[[ GIVEN MATERIAL open ]]

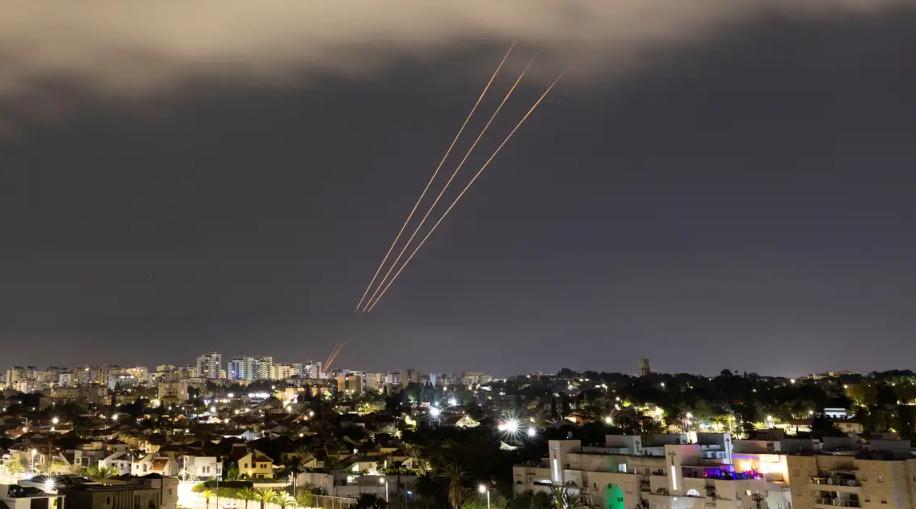 Bombardeio (Foto/Reuters/Amir Cohen)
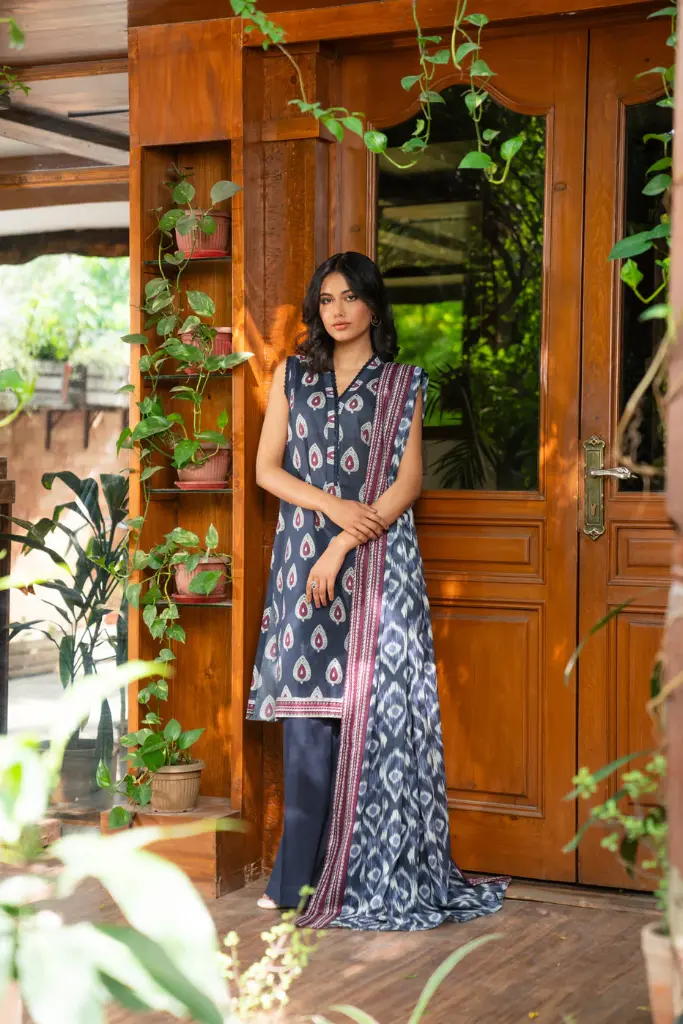 Beyond East - Beena WUE-154519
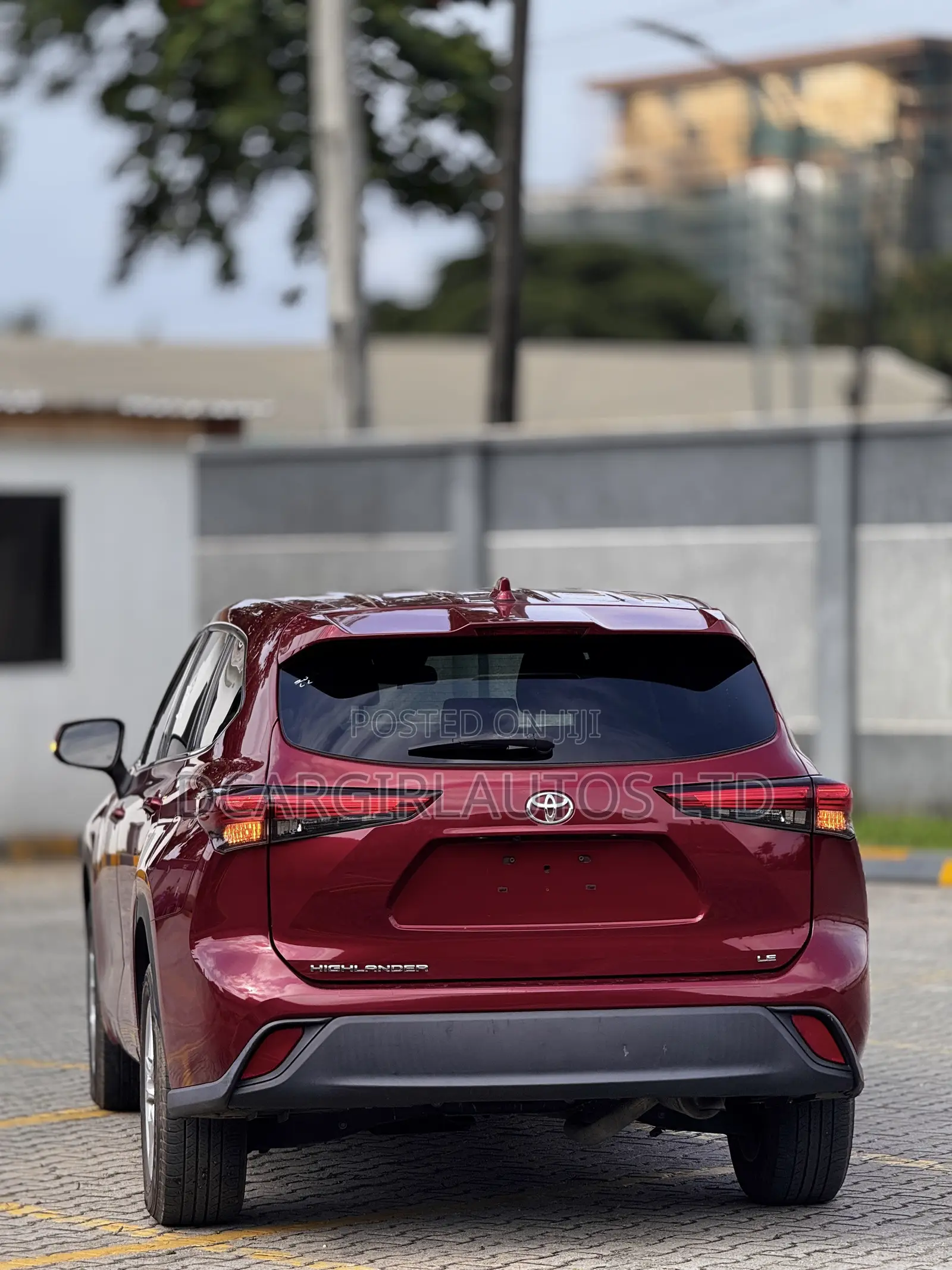 Toyota Highlander LE AWD 2020 Red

[[ GIVEN MATERIAL closed ]]

**WHAT YOU HAVE TO DO:**
Set the entire listing down again, exact in every line, without any pictures.

**TASK RESPONSE:**
 Bombardeio (Foto/Reuters/Amir Cohen)
 Beyond East - Beena WUE-154519
 Toyota Highlander LE AWD 2020 Red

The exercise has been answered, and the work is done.